Custom PDF Text Extraction with Node.js

Learn why, what, and how to create a custom PDF text extraction API using Node.js, TypeScript, and pdf-parse. Includes setup, core implementation, page‑range extraction, metadata endpoint, search, testing and deployment.

13 February 2026 by

Suraj Barman

What is a Custom PDF Text Extractor?

A custom PDF text extractor is a program that reads a PDF file and returns its textual content, metadata, or specific page ranges on demand. Unlike generic libraries, a custom implementation can be tailored to the exact needs of an application, minimizing dependencies and avoiding unnecessary functionality.

Why Build a Custom Extractor?

Full control over the technology stack and performance characteristics.
Ability to expose only the required API surface (e.g., text, metadata, page‑range, search).
Reduced bundle size and a smaller security surface compared to monolithic libraries.
Facilitates tighter integration with business logic such as authentication, rate‑limiting, or caching.

How to Set Up a TypeScript‑Based Node.js Project

Initialize the project: npm init -y
Install runtime dependencies: npm install express cors file-upload pdf-parse
Install development dependencies: npm install -D typescript ts-node nodemon @types/node @types/express @types/cors @type/file-upload
Generate a TypeScript configuration file: npx tsc --init and adjust the target/module as needed.
Create a basic Express server that reads the PORT environment variable and starts listening.

Core Implementation: The Basic Parse Function

The central function accepts a Uint8Array representing the uploaded file, creates a pdf‑parse instance, and returns an object containing:

text – the extracted text (empty string if none).
info – author, title, creation date, etc.
numpages – total page count.

Both getText() and getInfo() are awaited to avoid blocking the event loop.

Adding Page‑Specific Extraction

Expose a second endpoint that accepts startPage and endPage query parameters.
Validate the range against the document’s total page count.
Slice the extracted text to the requested range and return it with the original metadata.

Providing a Lightweight Metadata‑Only Endpoint

Implement a function that calls pdfParse.getInfo() without invoking getText().
Normalize date strings and supply placeholder values for missing fields.
Return a concise JSON object that can be used for preview or indexing.

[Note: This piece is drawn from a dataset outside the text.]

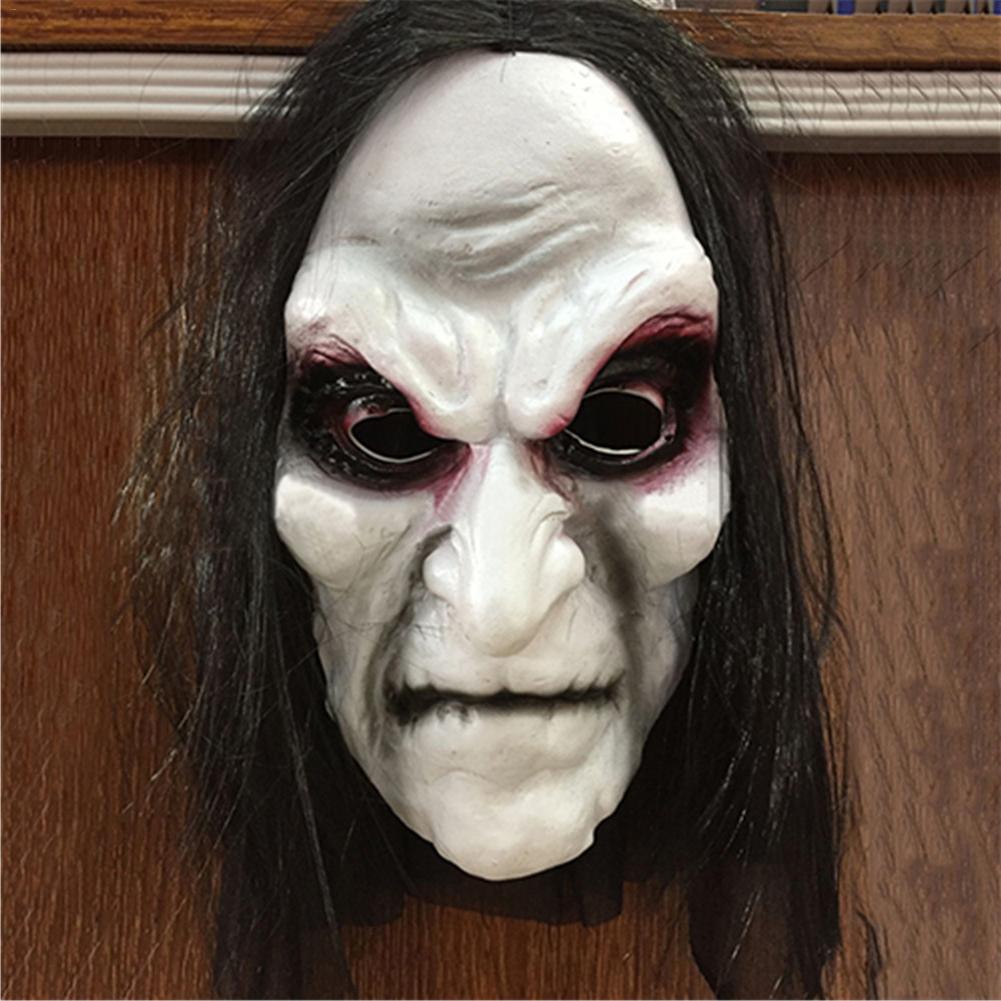 Halloween Zombie Mask Props Grudge Ghost Hedging Zombie Mask Realistic Masquerade Halloween Mask Long Hair Ghost Scary Mask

Implementing Full‑Text Search

Write a search utility that iterates over each page, applies a case‑sensitive or case‑insensitive pattern, and captures a 100‑character context around each match.
Return a structured result with total matches, the query, and an array of matches (page, position, snippet).

Handling Common Edge Cases

Corrupted or malformed PDFs – wrap parsing in try‑catch and return a 400‑type error.
Password‑protected PDFs – either reject them or accept a password and pass it to the parser if supported.
Scanned image‑based PDFs – integrate an OCR library (e.g., Tesseract) for text extraction.
Special‑character encoding – ensure the application uses UTF‑8 and test with non‑Latin scripts.

Testing with Jest and Supertest

Install test dependencies: npm install --save-dev jest ts-jest @types/jest supertest @types/supertest
Write unit tests for each endpoint (upload, metadata, page‑range, search) using Supertest to simulate HTTP requests.
Mock the file‑upload middleware and the pdf‑parse library to keep tests fast and deterministic.
Run the suite with npm test and generate a coverage report to ensure critical paths are exercised.

Deploying the API

Build the TypeScript source: npm run build (typically compiles to a dist folder).
Start the compiled server with npm start or use a platform‑specific start script.
Configure environment variables for PORT and any future secret (e.g., OCR service key).
Consider production enhancements: rate‑limiting, structured logging (Winston/Pino), monitoring (Sentry), and optional caching of metadata.

Integrating into a SaaS Application

Expose the API behind an authenticated gateway to enforce per‑user quotas.
Cache metadata for frequently accessed documents to reduce processing time.
Extend the service to handle other document types (DOCX, XLSX) by following the same pattern.
Offer asynchronous processing via a job queue for large files or batch uploads.